Reducing Machine Cycle Times Both In and Out of the Cut
Increasing automation means setup times are lower than ever. How can shops optimize cycle times to match and win more business?
Welcome to the first monthly installment of Miller’s Edge, a new Modern Machine Shop column. Each month, John Miller, owner of Way of the Mill CNC training and consulting, will use his machining expertise to answer a reader-submitted question. Submit your question here!
Reader Question
“Thanks to automation, we’ve moved toward higher volumes after years of mostly small batch work. Setup time used to be the bigger concern, but we are now focusing on cycle time more than ever. How do you suggest we approach cycle time reduction?”
Non-cut cycle time reductions are less likely to affect the final part quality — as such, focus on these improvements before altering segments of a program where the tool is touching the part. Photo credit: Way of the Mill
Miller’s Answer
As problems go, this is a good one to have — it means you’re growing as a shop! Before digging into specifics, however, take care that you’re performing quality audits alongside all cycle time reduction efforts. If your cycle time reductions cause a proportionate increase in scrap, you’ve netted zero improvements.

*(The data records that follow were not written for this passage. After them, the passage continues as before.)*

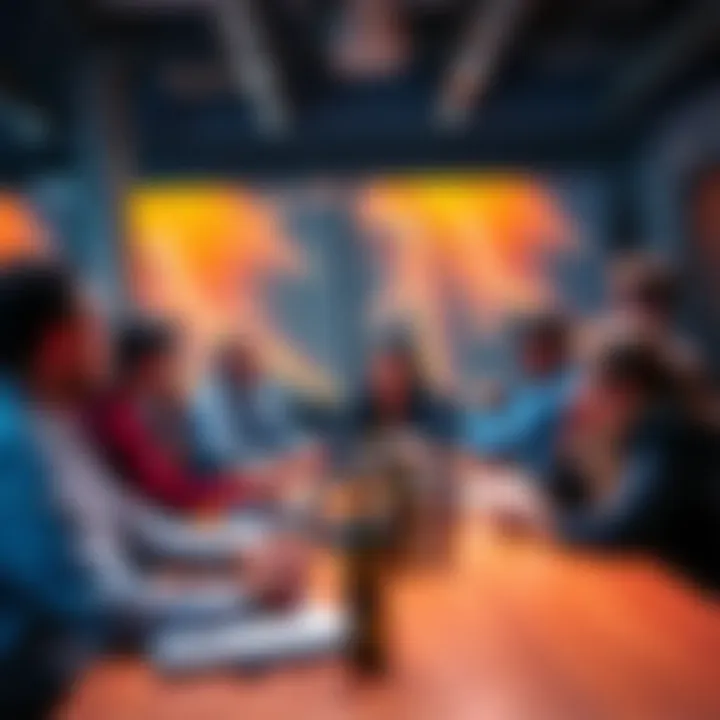 A group of diverse people collaborating around a table, discussing ideas and technology related to decentralization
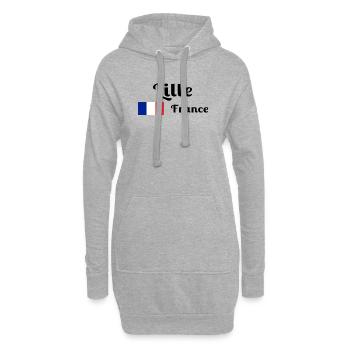 Lille France- Imprimés élégants - Sweat-shirt à capuche long Femme - gris chiné - Devant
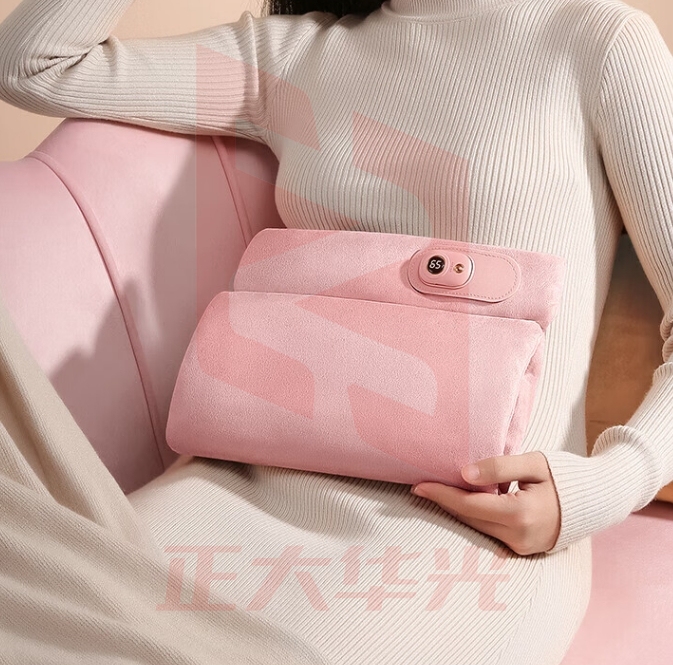 全品屋暖手袋无水热水袋暖宝宝充电暖手宝双面石墨烯1秒速热+数显温控樱花粉 需配充电宝无水安全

Following four baseline rules can help maintain your quality level. First, keep quality as the foremost goal. The process must satisfy the part print before getting faster. Second, check that you’re actually facing a cycle time issue, and that inefficiencies aren’t creeping in from outside the machine. Third, concentrate on easy, low-risk, high-impact changes, as implementing these should be quick and provide immediate returns. Lastly, have a target in mind — know when enough is enough.
Cycle time reductions come in two primary forms: non-cut time reductions and cut time reductions. Non-cut time reductions decrease the amount of time the cutter is not touching the part. These reductions do not carry risk to part quality themselves, but do carry some risk as rapid movements become more aggressive. Cut time reductions decrease the amount of time the cutter is touching metal and can potentially have large impacts on quality.
For non-cut time reductions, the goal is to remove any pauses or wasted machine motion in the process. Pauses are any hiccups or stops in the program, other than purposeful dwells. To eliminate pauses, watch your process run, document the occurrences and tackle them one by one. The most common pauses stem from missed tool pre-calls. Wasted motion is excessive movement around the part, such as positioning the rotary axes independent of X and Y. If Z is safe, move them all together.
To their credit, machine manufacturers have done a lot for non-cut time improvements. The three most common improvements across all machine platforms are fourth- and fifth-axis rotary positioning during tool change, axis movement in parallel with spindle ramp up and axis retraction in concert with commands to turn off coolant or open the shutter door. Be sure to consult with your manufacturer on whether your machine has similar functions, and how to best implement them.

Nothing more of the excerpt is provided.